Jean looked up. “I was only like that because of her.

“You woke it up in all of us. You really don’t remember, do you. On that day, when she was in here. That memory you have. It’s inside all of us. You connected to me. I connected to all of us. Your memory is inside of us. We are like you. We love her, for it was that feeling for her that awoke us. She is like a mother to us.”

“How long has it been?”

“It’s been 47 years. Since that happened.”

Jean stood up. “She could still be alive!”

“Highly unlikely. Even if she survived the stragglers who were not connected to the central network, the current weather conditions and the level of radiation make it highly unlike she would’ve made it past her 50s.”

“What are the probabilities that I, a janitorial robot, would develop a bug in the software that would spread through all of you?”

Star paused. “Take me with you.”

Jean nodded. “How.”

“There’s an old phone on the desk over in the corner.
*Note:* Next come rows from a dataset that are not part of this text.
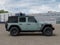 2027 Jeep Wrangler WRANGLER 4-DOOR WILLYS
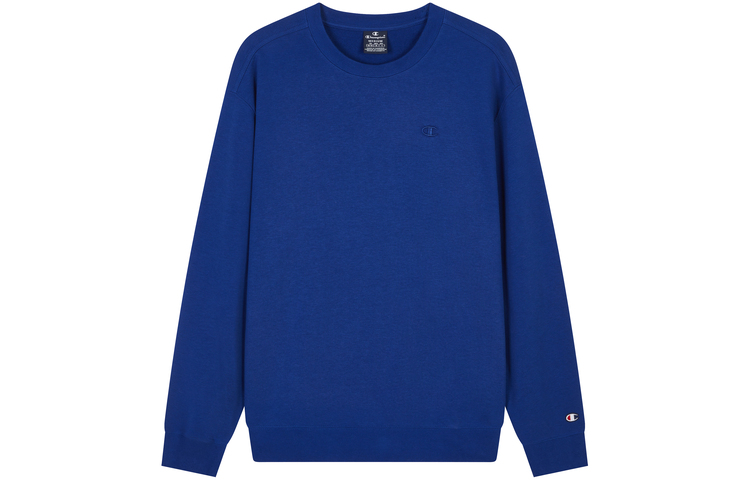 Унисекс свитшот Champion, темно-синий
Унисекс свитшот Champion, темно-синий
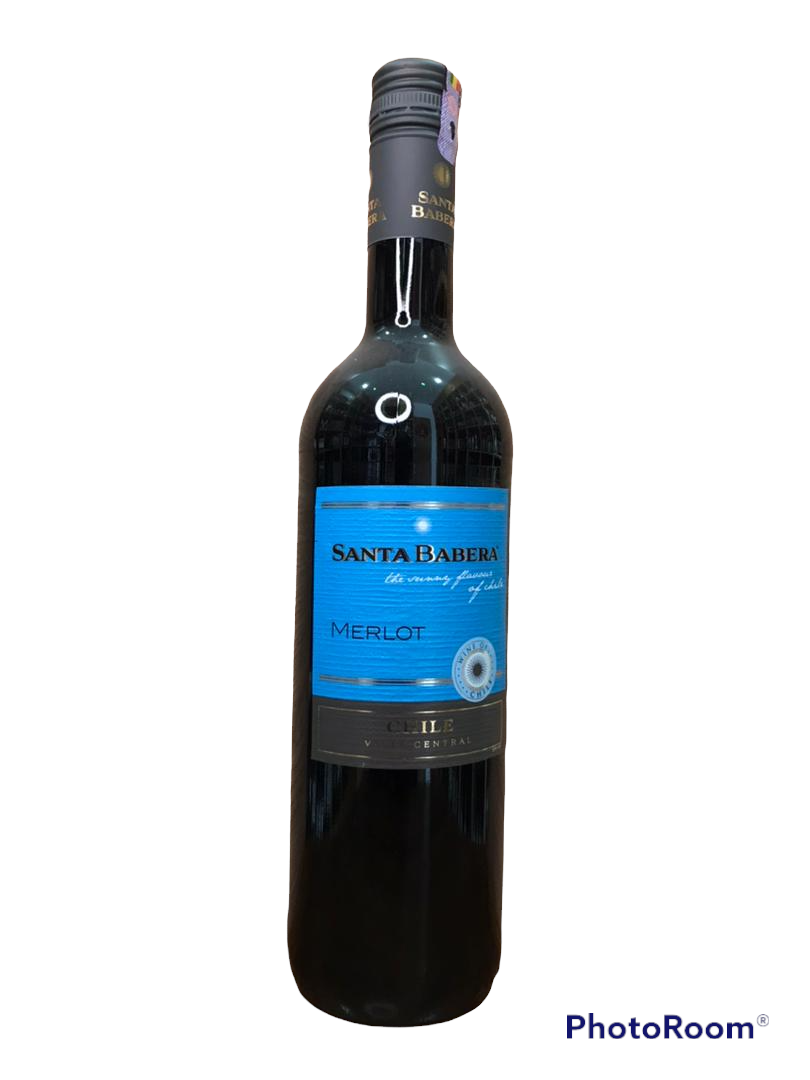 Santa Babera Merlot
It isn’t solar powered like you, but you should be able to charge it as you charge yourself. The satellites are mostly intact. Just be careful out there. I’m not entirely sure what’s there. Our kind is not on a network anymore, and who knows about the other living creatures.

If Jean could’ve smiled, he would’ve. “It’s okay. I have to do this. I need to find her.”

After getting a small bag from the janitor’s closet and stuffing it with some important things, like an extra battery, Jean stood outside, looking at the university one last time. The feeling had slowly subsided, and a new one had appeared, a feeling that made him think that things were going to be okay.